## Exercise
Every entry should be reproduced precisely, with each picture left out.

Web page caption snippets
+++

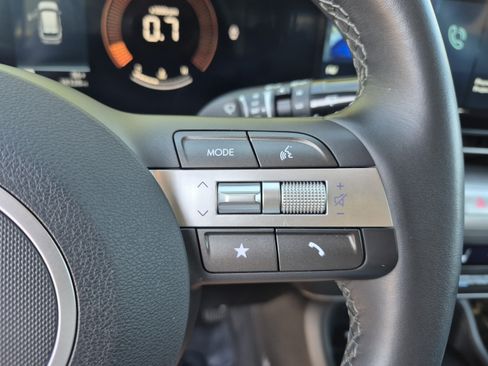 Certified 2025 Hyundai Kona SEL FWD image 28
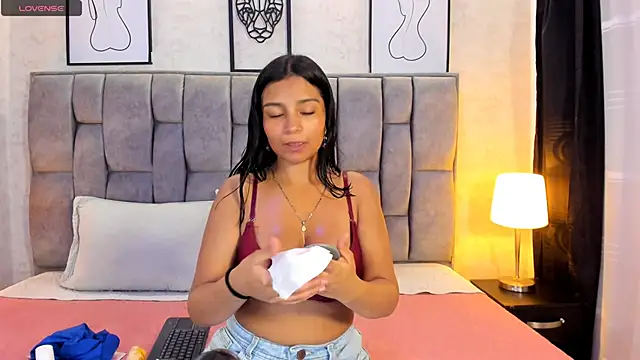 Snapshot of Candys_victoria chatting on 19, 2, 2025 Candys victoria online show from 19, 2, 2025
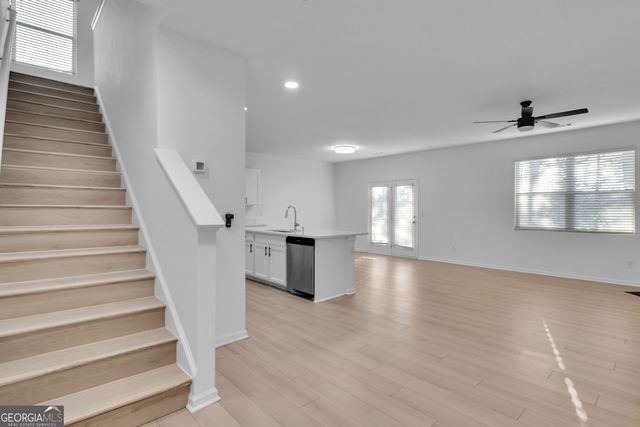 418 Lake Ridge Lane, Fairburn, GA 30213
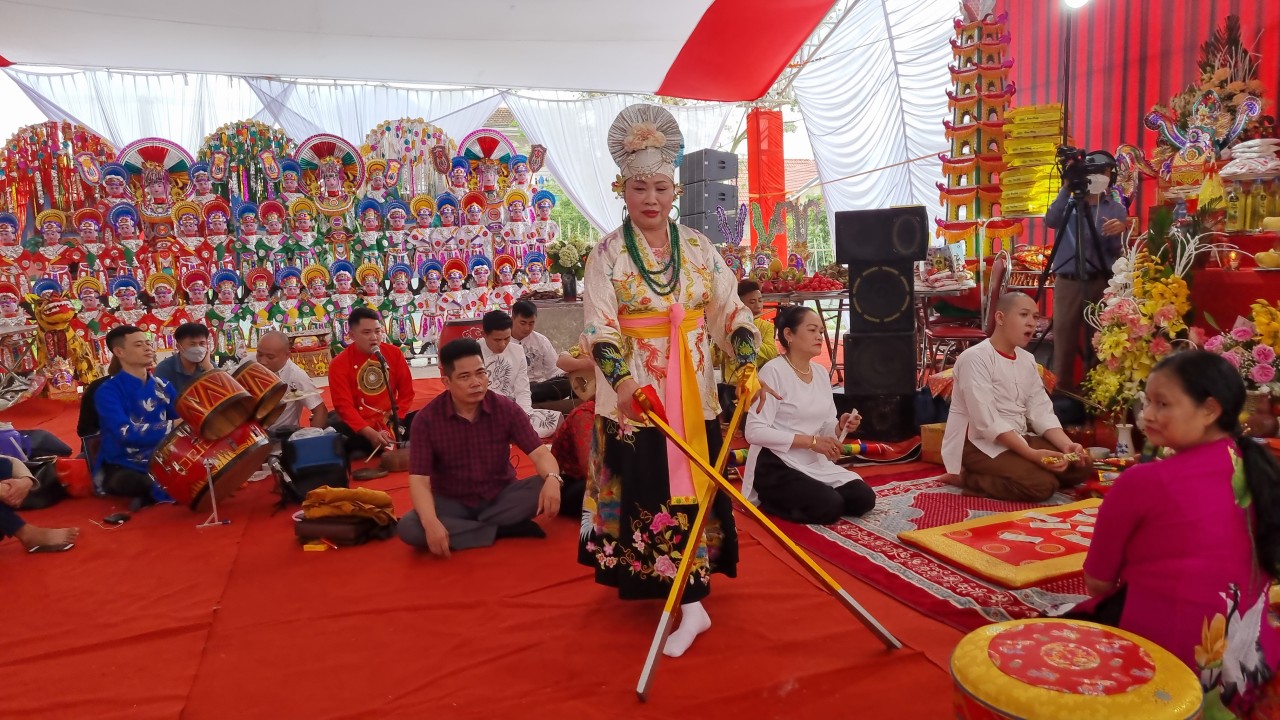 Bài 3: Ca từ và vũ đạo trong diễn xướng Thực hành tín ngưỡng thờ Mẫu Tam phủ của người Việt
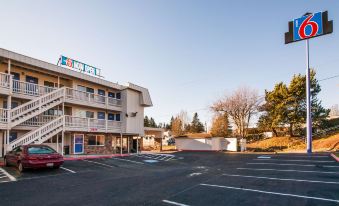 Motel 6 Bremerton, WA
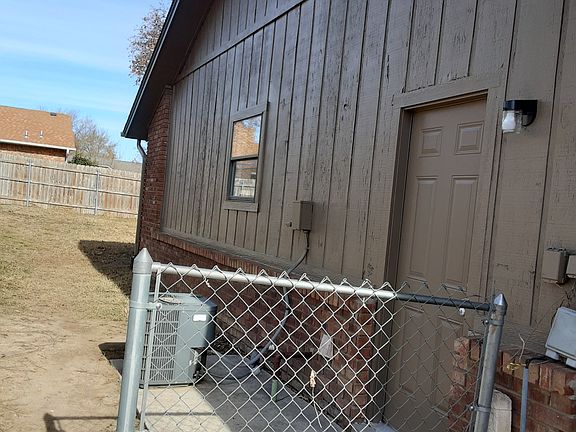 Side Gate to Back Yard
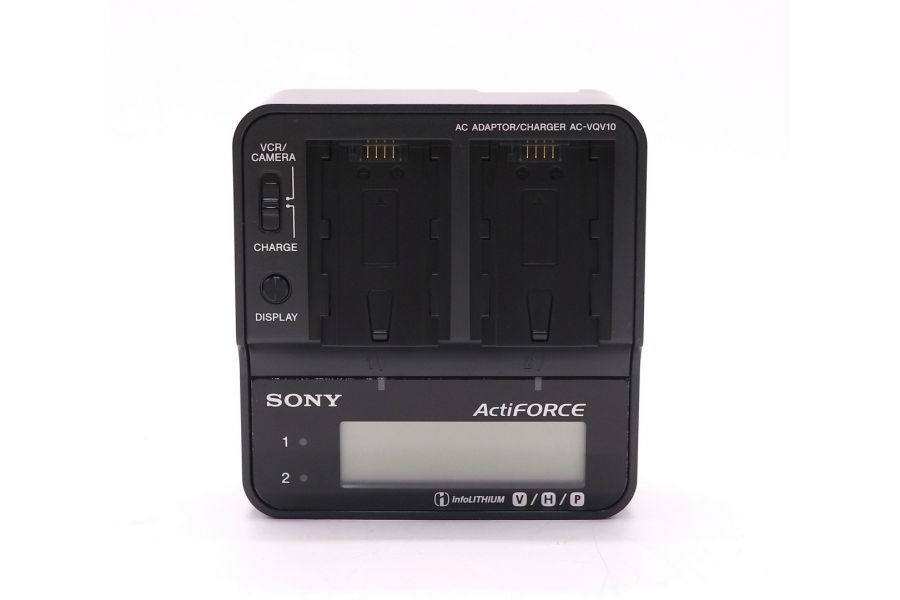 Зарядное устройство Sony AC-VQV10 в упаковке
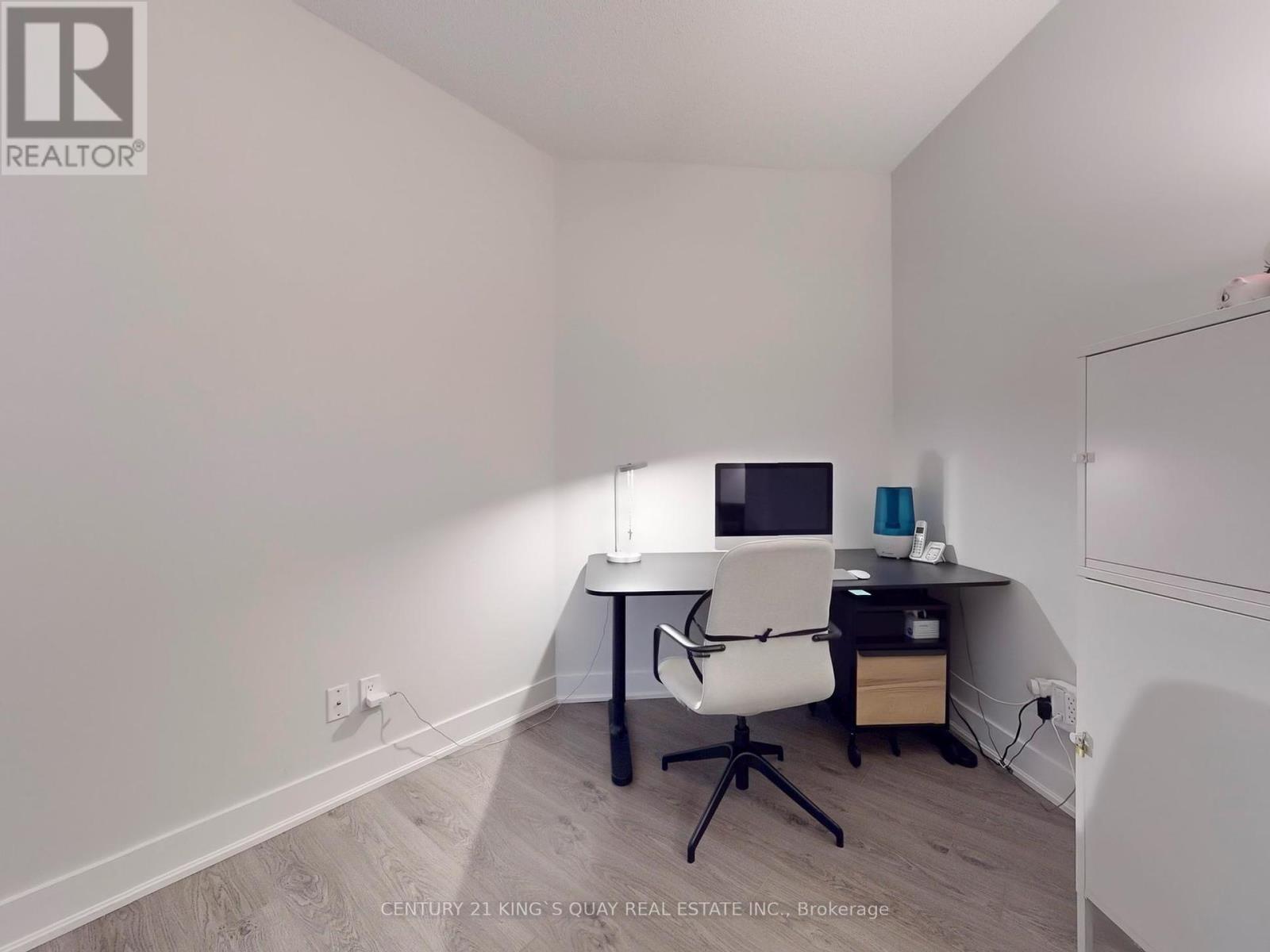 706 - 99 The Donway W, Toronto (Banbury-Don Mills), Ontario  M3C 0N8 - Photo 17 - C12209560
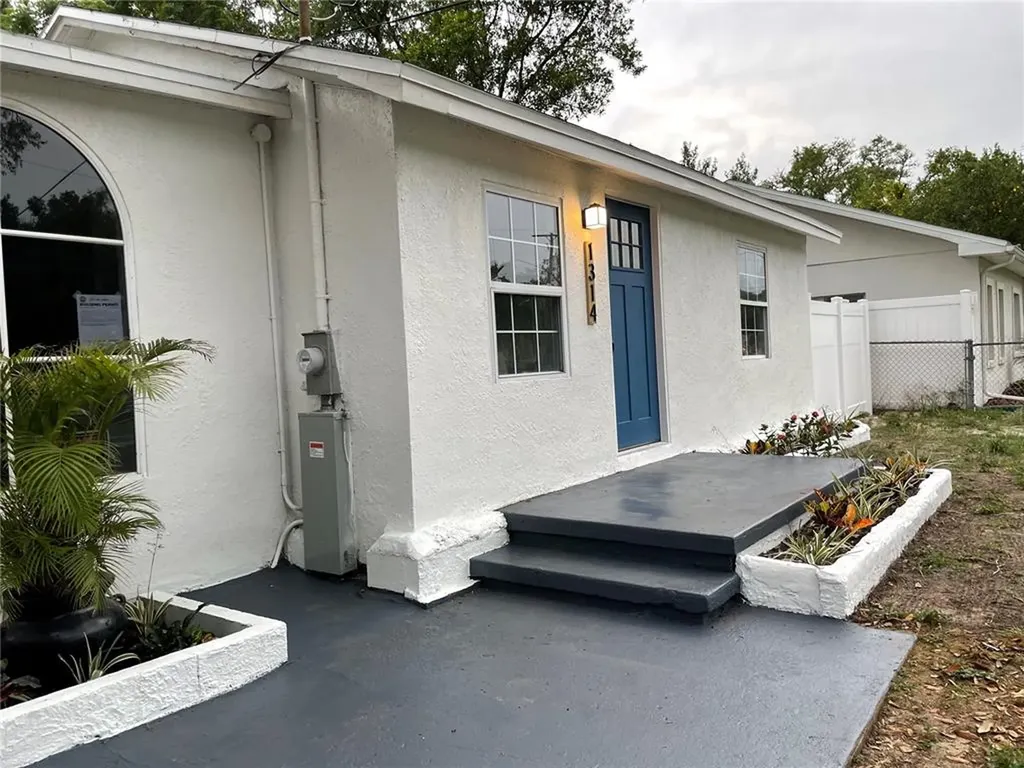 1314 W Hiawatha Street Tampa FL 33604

+++

## Output
 Certified 2025 Hyundai Kona SEL FWD image 28
 Snapshot of Candys_victoria chatting on 19, 2, 2025 Candys victoria online show from 19, 2, 2025
 418 Lake Ridge Lane, Fairburn, GA 30213
 Bài 3: Ca từ và vũ đạo trong diễn xướng Thực hành tín ngưỡng thờ Mẫu Tam phủ của người Việt
 Motel 6 Bremerton, WA
 Side Gate to Back Yard
 Зарядное устройство Sony AC-VQV10 в упаковке
 706 - 99 The Donway W, Toronto (Banbury-Don Mills), Ontario  M3C 0N8 - Photo 17 - C12209560
 1314 W Hiawatha Street Tampa FL 33604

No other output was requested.